Importance of reading clubs in our society

This article on the importance of reading clubs was first presented by Jamilu Abdulrahman (Haiman Raees) at the Special Program of Bakandamiya Reading Club on 25 August, 2025.

It is a privilege to speak on a subject that matters deeply to me. We are living in a restless age, one where so much of our attention is scattered by screens and noise. At such a time, the quiet discipline of reading together is becoming rare. Yet it is precisely this habit, slow, thoughtful, sustained reading, that shapes how we grow as individuals and as a community.

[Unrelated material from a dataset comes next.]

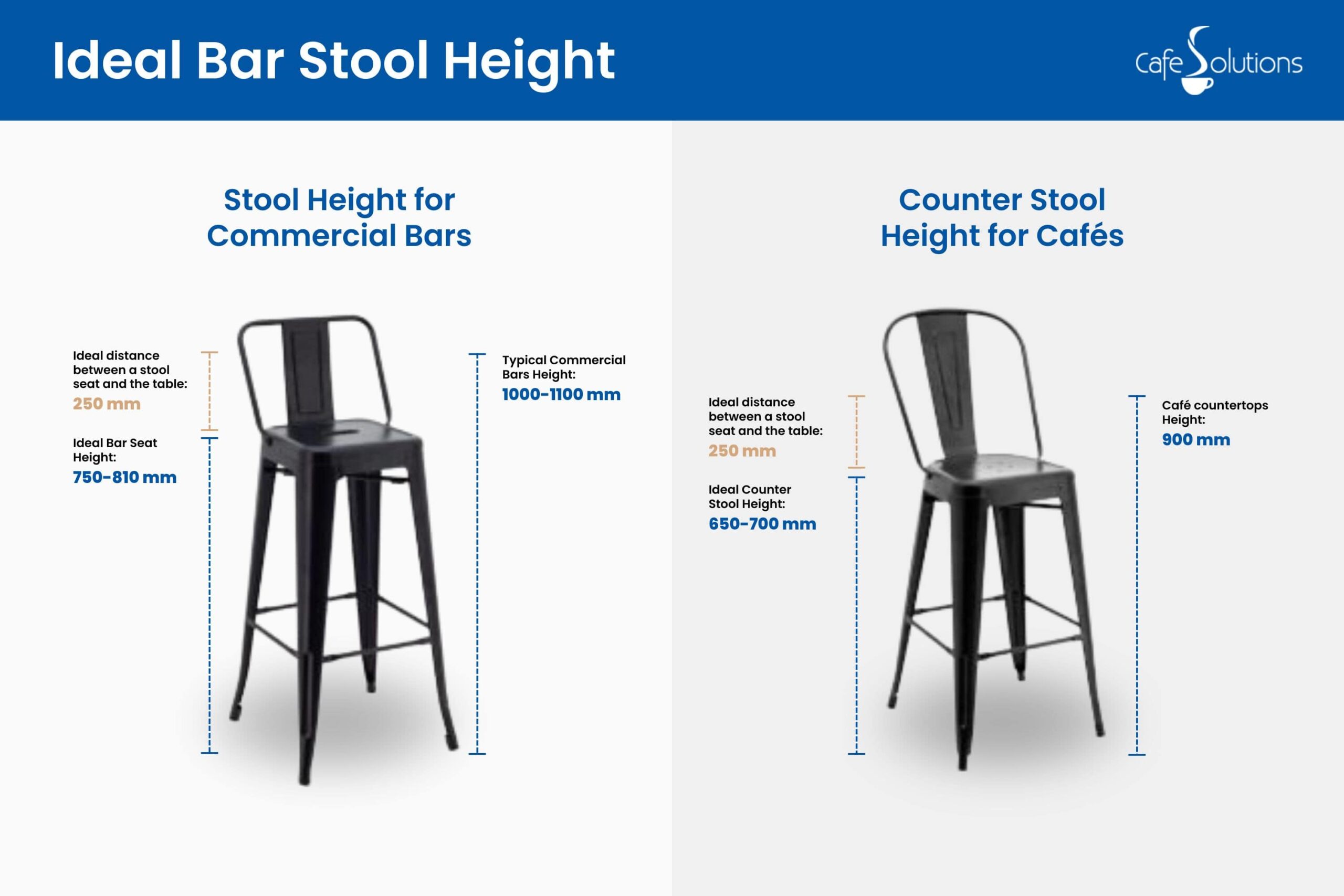 ideal cafe bar stool height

As a member of the Bakandamiya Reading Club, I have seen with my own eyes how a circle of readers can change lives. People come together for what looks like a simple activity, but it becomes much more than that: a place where minds sharpen, where cultural pride is restored, and where unlikely friendships are born.

Nigeria’s wider picture is sobering. UNESCO has spoken of the literacy crisis across Sub-Saharan Africa, and surveys show our reading culture is lagging behind many nations. But I do not believe the solution will come from statistics or government policy alone. The answer is already forming in places like ours, in modest reading groups where ideas are shared freely and knowledge passes hand to hand.

What do reading clubs actually do?

First, they help people think. Reading alone can be powerful, but when you sit with others and discuss a story, you learn to listen, to challenge, to defend your own view without silencing another’s. That habit builds confidence, logic, and imagination. Many of our members have said the club has given them courage to speak, to lead, even to set new personal goals they once thought impossible.

Second, clubs open the door to books beyond the classroom. Too often, school turns reading into a punishment: something tied to exams and nothing more. A club breaks that prison. You might find Achebe on the table one week, Shakespeare the next, or even Hausa poetry from a local author. Slowly, readers realize that books are not burdens; they are passports to new places, new histories, new futures.

And perhaps most precious of all, reading clubs build bridges. In a society as divided as ours, by ethnicity, by religion, by class, they create a space where everyone is equal before the page. Discussions of justice, love, or sacrifice cut across barriers. When we read together, we see our common humanity more clearly than in any debate or argument.

The BRC example

At Bakandamiya Reading Club, our activities go beyond talk. We host community reading sessions, writing workshops, competitions, and professional presentations. Over time, these efforts have created a network that links students, teachers, and aspiring writers. We are still small compared to the need, but we have touched lots of lives. What started as conversations around books has quietly grown into a support system for lifelong learning.

Unspoken challenges

Yet it would be naive to pretend there are no tensions. Which language should clubs emphasize, English, Hausa, igbo? Each carries weight, and each choice shapes identity. Should we focus on global classics, or give priority to African voices? Should clubs remain safe spaces for the educated, or open their doors to those still learning the basics of literacy? These are real debates, often hidden from casual observers, but they matter. They will decide whether reading clubs stay small and elite or become tools of genuine social change.

A call forward

Obstacles remain: poverty, the price of books, and the endless distraction of entertainment. But the hunger for meaning is alive. You see it in every young person who lingers after a session to ask about another book, or in every adult who rediscovers a love for stories they thought they had outgrown.

Teachers, community leaders, parents, we all have a role here. Support these circles, start new ones, invest your time or even a little money. Every club is a seedbed of ideas, and ideas are the roots of progress.

Conclusion

Reading clubs are not a luxury. They are classrooms without walls, forums for dialogue, and vaults for our cultural memory. To nurture them is to nurture Nigeria’s future.

Let us then choose to read together. Let us give space for curiosity, argument, and imagination. And by turning these pages side by side, we may write a brighter, more thoughtful chapter in the life of our nation.